I sent the email report (with some additional debugging details) to the linux-pci kernel list (and regressions list CCed, per upstream instructions): https://lore.kernel.org/linux-pci/CA+cBOTeWrsTyANjLZQ=bGoBQ_yOkkV1juyRvJq-C8GOrbW6t9Q@mail.gmail.com/T/#u https://lore.kernel.org/regressions/CA+cBOTeWrsTyANjLZQ=bGoBQ_yOkkV1juyRvJq-C8GOrbW6t9Q@mail.gmail.com/T/#u I also updated the kernel bugzilla ticket which the regression commit linked to: https://bugzilla.kernel.org/show_bug.cgi?id=216728 Thanks for pointers, Justin.
Turns out the resume is not broken, but delayed with additional 60 seconds. I'll continue the discussion in upstream kernel lists, but add required attachments here, so that I can link them from kernel lists (I assume attaching them directly to the email is not appreciated).
Created attachment 1984636 [details] dmesg after delayed resume
Created attachment 1984637 [details] journal after delayed resume
Created attachment 1984638 [details] lspci -vv before suspend
Created attachment 1984639 [details] lspci -vv after delayed resume
Created attachment 1984726 [details] dmesg after fast resume
Created attachment 1984727 [details] fwupdmgr get-devices output
Created attachment 1984728 [details] fwupdmgr get-devices output
Created attachment 1984785 [details] dmesg with TB assist mode
Created attachment 1984786 [details] dmesg with devices unavailable
Created attachment 1984802 [details] acpidump
Created attachment 1984803 [details] dmesg with thunderbolt.dyndbg=+p
Created attachment 1985262 [details] dmesg with TB user security level
After extensive debugging in upstream kernel (see comment 9), this is most probably related to the laptop's firmware. When the Thunderbolt security level is set to Secure Connection, it fails to properly reconnect to the dock after resume. With the latest kernels, that causes a ~60 second delay. When the security is lowered to User Authorization, it works fine. Kernel developers suggested to contact Lenovo and ask them to look into this and possibly publish a Thunderbolt firmware update. @mpearson Hi Mark, is this something you'd be interested in looking into? I don't know what Lenovo's support plans are for Thinkpad T480s, but it still seems to receive updated firmware.

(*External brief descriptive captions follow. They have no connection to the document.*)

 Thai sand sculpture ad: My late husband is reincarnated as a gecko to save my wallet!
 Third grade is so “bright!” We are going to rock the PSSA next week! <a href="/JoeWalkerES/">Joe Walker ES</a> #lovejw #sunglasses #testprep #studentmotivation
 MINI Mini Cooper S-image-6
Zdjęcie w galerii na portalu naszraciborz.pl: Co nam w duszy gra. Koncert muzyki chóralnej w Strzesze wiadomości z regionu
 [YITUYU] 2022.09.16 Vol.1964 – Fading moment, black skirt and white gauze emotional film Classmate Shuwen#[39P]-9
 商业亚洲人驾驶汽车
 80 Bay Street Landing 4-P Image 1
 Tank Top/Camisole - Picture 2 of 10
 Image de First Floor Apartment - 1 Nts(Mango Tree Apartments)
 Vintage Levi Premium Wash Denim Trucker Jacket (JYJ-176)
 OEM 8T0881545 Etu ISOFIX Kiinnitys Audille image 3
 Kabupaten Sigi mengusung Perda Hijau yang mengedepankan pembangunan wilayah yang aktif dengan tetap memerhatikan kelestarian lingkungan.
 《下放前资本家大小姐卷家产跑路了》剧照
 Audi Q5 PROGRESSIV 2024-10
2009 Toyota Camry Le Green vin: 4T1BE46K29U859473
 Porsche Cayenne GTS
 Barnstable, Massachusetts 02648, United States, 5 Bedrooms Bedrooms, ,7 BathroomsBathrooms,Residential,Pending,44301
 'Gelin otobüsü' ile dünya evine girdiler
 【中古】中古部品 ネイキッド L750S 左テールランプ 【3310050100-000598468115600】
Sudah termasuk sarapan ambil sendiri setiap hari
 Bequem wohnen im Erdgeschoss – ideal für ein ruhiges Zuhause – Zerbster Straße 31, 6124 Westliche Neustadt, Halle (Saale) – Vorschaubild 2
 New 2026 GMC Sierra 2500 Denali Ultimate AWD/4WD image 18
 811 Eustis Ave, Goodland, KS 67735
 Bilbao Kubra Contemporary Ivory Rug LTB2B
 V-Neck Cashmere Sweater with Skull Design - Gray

Hi Kamil, Ack - I've created internal ticket LO-2616 for tracking. We'll confirm we can reproduce the issue and follow up with the FW team and get their feedback. Mark
Created attachment 1990815 [details] dmesh with TB secure security level and Wake by TB enabled
Mark, I found out that this problem only happens when I have "Wake by Thunderbolt 3" option disabled (which is a non-default value). See more here: https://lore.kernel.org/linux-pci/CA+cBOTeWrsTyANjLZQ=bGoBQ_yOkkV1juyRvJq-C8GOrbW6t9Q@mail.gmail.com/T/#ma7b6e1740c042aa624cbf0cef63cd887ae5fd90d
Thanks. Finally got feedback from the FW team and they are saying this is by design and that the Wake by TB setting should be enabled. Not sure there is much else we can do here - let me know if we're missing anything important. Mark
Thanks a lot for your update, Mark. Sigh, this was a very long exercise regarding a BIOS option that could've been either not present (since the system doesn't work correctly when this is in a non-default value) or better explained :-/ Anyway, I'm going to close this bug - it only happens in non-default BIOS settings and it seems that there's no further action related to this. Thanks for looking into it.